For the popes, holidays are a time of rest and relaxation, but also for meditation and turning towards God.

Paul VI: Holidays are for reading, discovering and friendships

Vacations are also a fruitful time, as the interruption of the ordinary work routine can foster inner silence and recollection. During the Angelus on August 5, 1973, Pope Paul VI explained what he thought this period of rest should look like: “Let us ensure that this free time, which we call vacation, is not entirely spent in dissipation or selfishness. Relaxation, refreshment, recreation (in the etymological sense), yes, but intelligent and vigilant.”

The Pope, for example, suggested catching up on “serious readings” that may have been put aside during the year, or partaking in “excursions” to discover “the beautiful treasures” of history and art..

He also highlighted that “holidays are a privileged time for good friendships, for getting to know places, customs, the needs of the people we do not usually approach, and for meeting new people worthy of our conversation”

John Paul II: Meetings and encounters essential to vacations

Holidays are an opportunity to live serene moments. Pope John Paul II, who loved spending rest periods in the mountains, often emphasized that in order to regenerate themselves, people need harmony and the joy of meeting with others.

“For a vacation to be truly such and bring genuine well-being, in it a person must recover a good balance with himself, with others and with the environment”, St. John Paul II said, during the Angelus on July 6, 1997. He added that it “is this interior and exterior harmony which revitalizes the mind and reinvigorates body and spirit.”

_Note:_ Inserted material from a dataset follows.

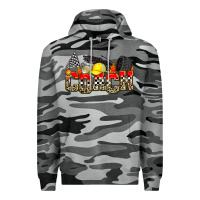 Slate Camo race coach Premium Hoodie - Zillion Design Studio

John Paul II in the Aosta Valley

For John Paul II, “one of the values of a holiday” is meeting others and spending time “in an unselfish way, for the pleasure of friendship and for sharing quiet moments together.”

Warning about “the human mind and the influences of a consumer society,” he suggested taking “healthy vacations”, especially for young people. Holidays “that provide a healthy escape, avoiding harmful abuses of your health and that of others” in order to avoid “wasting” time and resources. “Escape can be beneficial, as long as one does not escape from sound moral criteria and simply from the necessary respect for one’s own health,” he insisted.

Benedict XVI: In nature, man rediscovers himself

For Pope Benedict XVI, it is vital to immerse oneself in nature, especially for “those who dwell in cities where the often frenzied pace of life leaves little room for silence and reflection.”

During the Angelus on July 17, 2005, in Les Combes, in the Aosta Valley mountains in northern Italy, he highlighted “the need to be physically and mentally replenished” through a “relaxing contact with nature.”

“Moreover, holidays are days on which we can give even more time to prayer, reading and meditation on the profound meaning of life in the peaceful context of our own family and loved ones,” he added.

Benedict XVI in the Aosta Valley in 2006 (L’OSSERVATORE ROMANO)

Looking at “the stirring views of nature, a marvellous ‘book’ within the reach of everyone, adults or children,” people can “rediscover their proper dimension.”

“They recognize that they are creatures but at the same time unique, ‘capable of God’, since they are inwardly open to the Infinite,” Pope Benedict XVI explained.

Francis: Deepening one’s spiritual journey through vacations

At the Angelus on August 6, 2017, Pope Francis emphasized that holidays can also be a good time to deepen one’s spiritual journey, even while traveling between tourist destinations.

“Summer season is a providential time to cultivate our task of seeking and encountering the Lord,” he underlined. In this “period of rest and disengagement from daily activities, we can reinforce our strengths of body and soul.”

He also encouraged the faithful to entrust their holidays to the Virgin Mary, so she can help them “be in harmony with the Word of God, so that Christ may become light and lodestar throughout our life.”

He especially urged all to entrust to her “the summer of those who cannot go on holiday due to impediments of age, to reasons of health or of work, to economic restrictions or other problems, so that it may be a time of eased tension, gladdened by the presence of friends and of happy moments.”